====== Supplied records

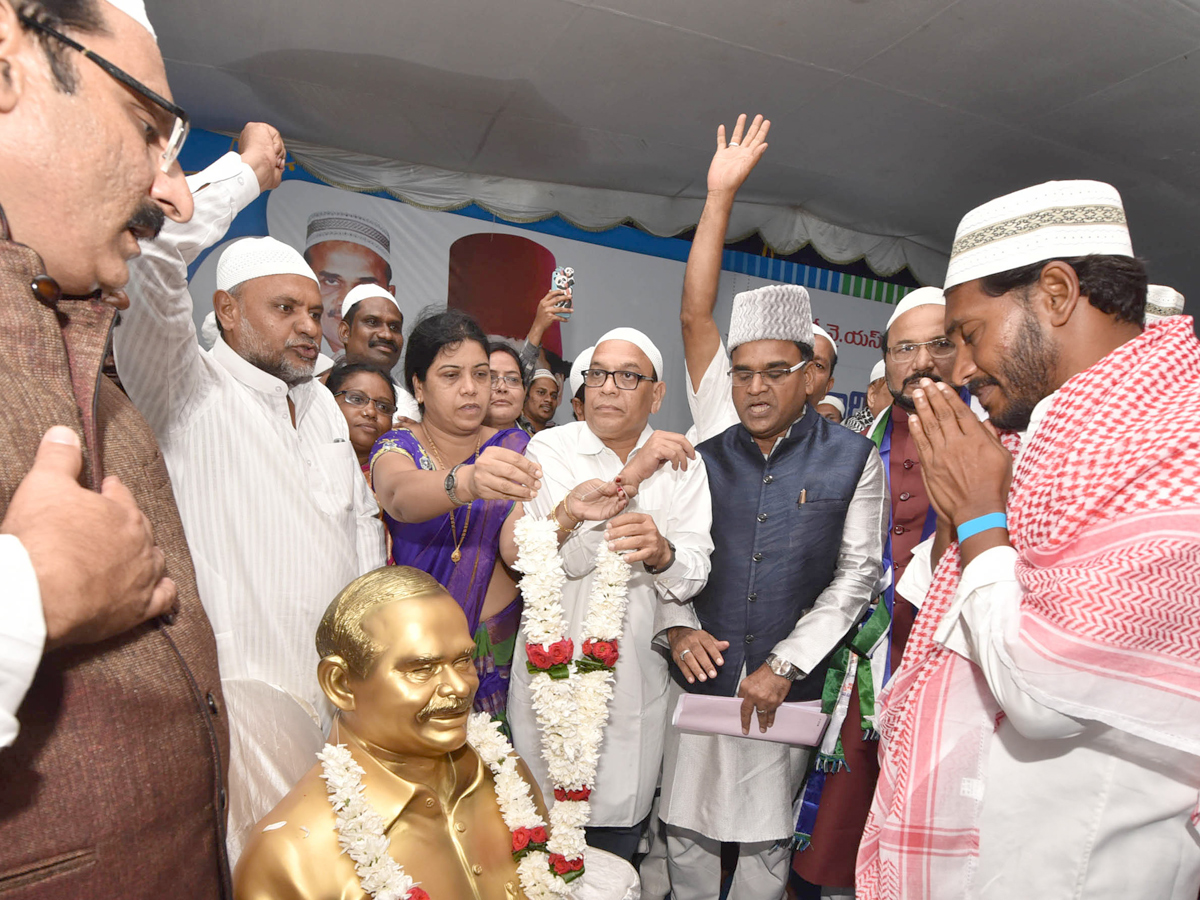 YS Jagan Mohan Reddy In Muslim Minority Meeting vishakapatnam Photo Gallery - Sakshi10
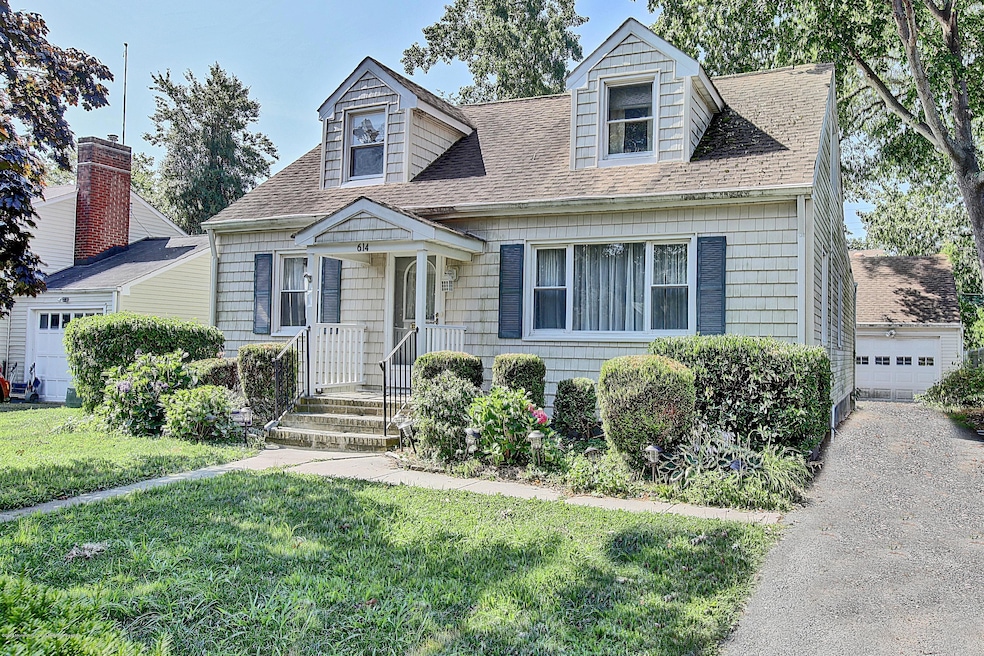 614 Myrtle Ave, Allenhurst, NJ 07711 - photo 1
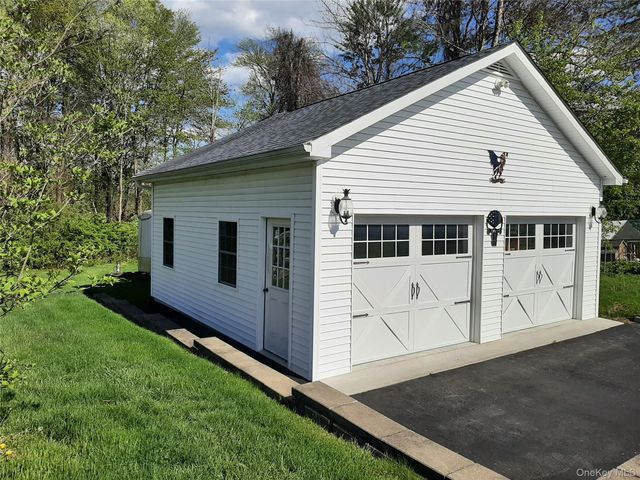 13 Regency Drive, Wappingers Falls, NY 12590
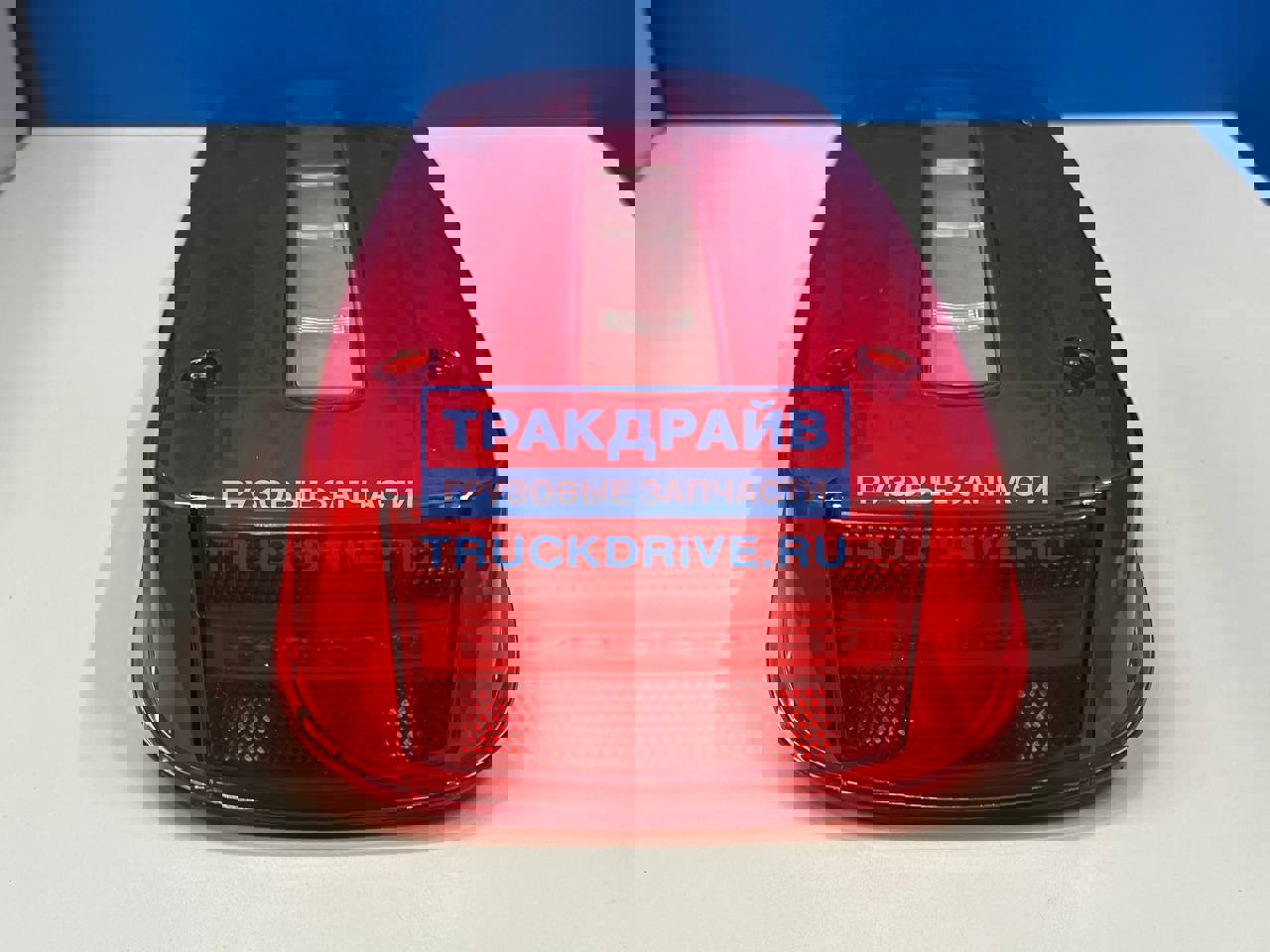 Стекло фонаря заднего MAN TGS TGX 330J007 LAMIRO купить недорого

============
====== Supplied records

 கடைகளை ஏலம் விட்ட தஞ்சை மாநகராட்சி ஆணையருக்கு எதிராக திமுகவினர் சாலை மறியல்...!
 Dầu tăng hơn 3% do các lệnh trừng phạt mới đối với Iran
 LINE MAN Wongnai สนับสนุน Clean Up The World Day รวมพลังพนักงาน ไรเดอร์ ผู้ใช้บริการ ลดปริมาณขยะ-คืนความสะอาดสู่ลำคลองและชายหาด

============
====== Supplied records

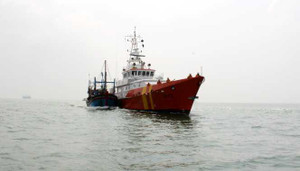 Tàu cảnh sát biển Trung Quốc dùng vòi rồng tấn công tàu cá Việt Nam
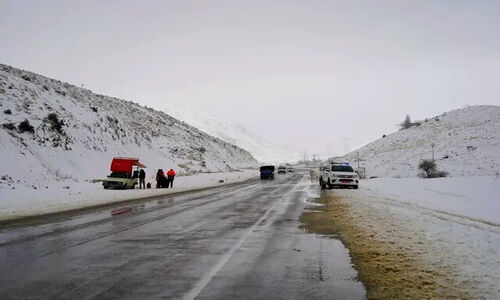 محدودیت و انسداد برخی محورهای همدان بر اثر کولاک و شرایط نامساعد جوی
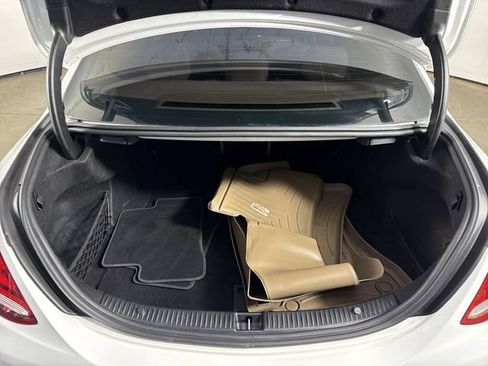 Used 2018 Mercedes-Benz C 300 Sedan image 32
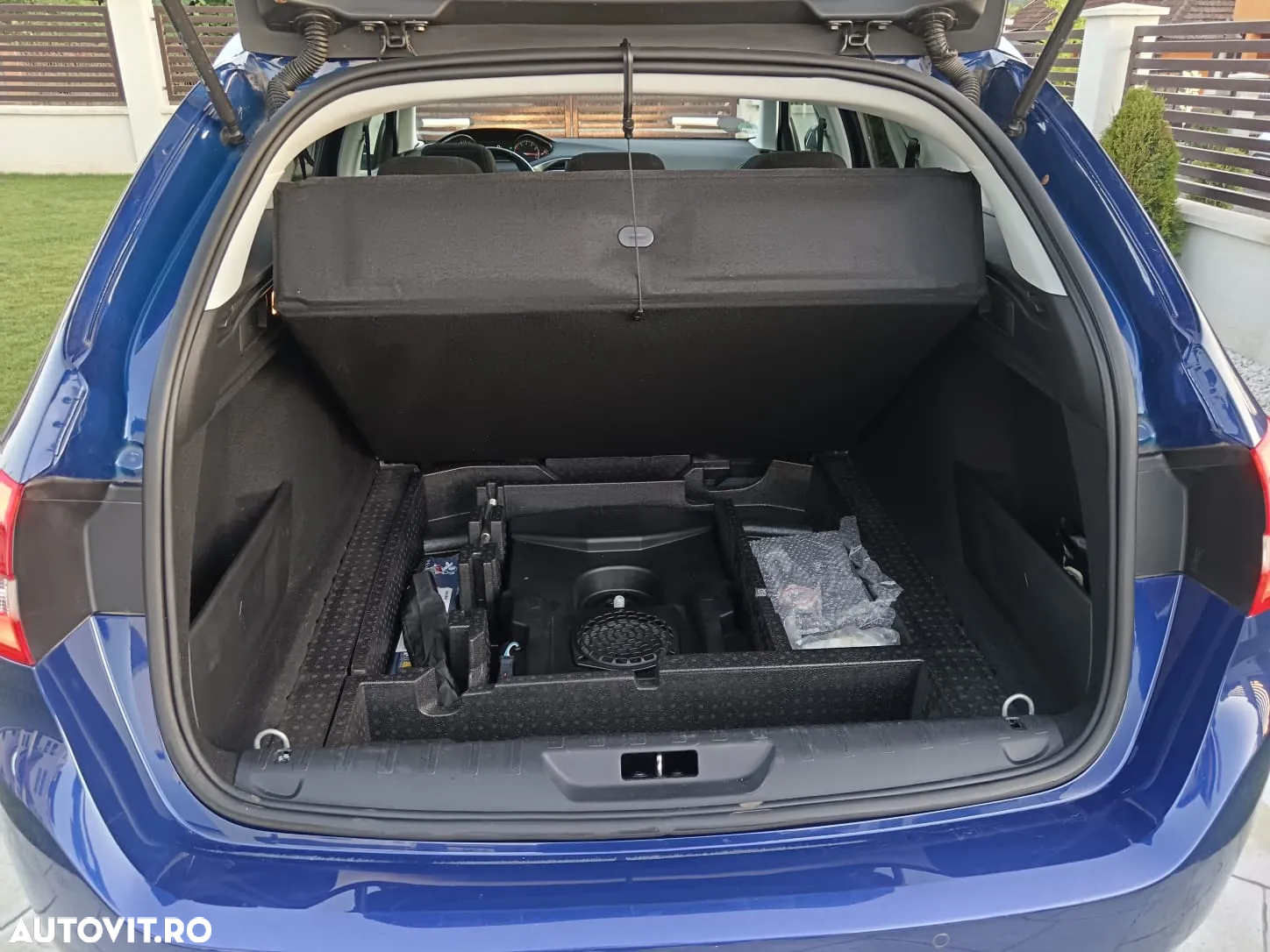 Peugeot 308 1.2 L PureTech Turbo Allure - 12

============

▸ Activity
Give back exactly the lines above that run from the one with "YS Jagan Mohan" to the one with "Стекло фонаря заднего", including both, with the pictures left out.

▸ Your response
 YS Jagan Mohan Reddy In Muslim Minority Meeting vishakapatnam Photo Gallery - Sakshi10
 614 Myrtle Ave, Allenhurst, NJ 07711 - photo 1
 13 Regency Drive, Wappingers Falls, NY 12590
 Стекло фонаря заднего MAN TGS TGX 330J007 LAMIRO купить недорого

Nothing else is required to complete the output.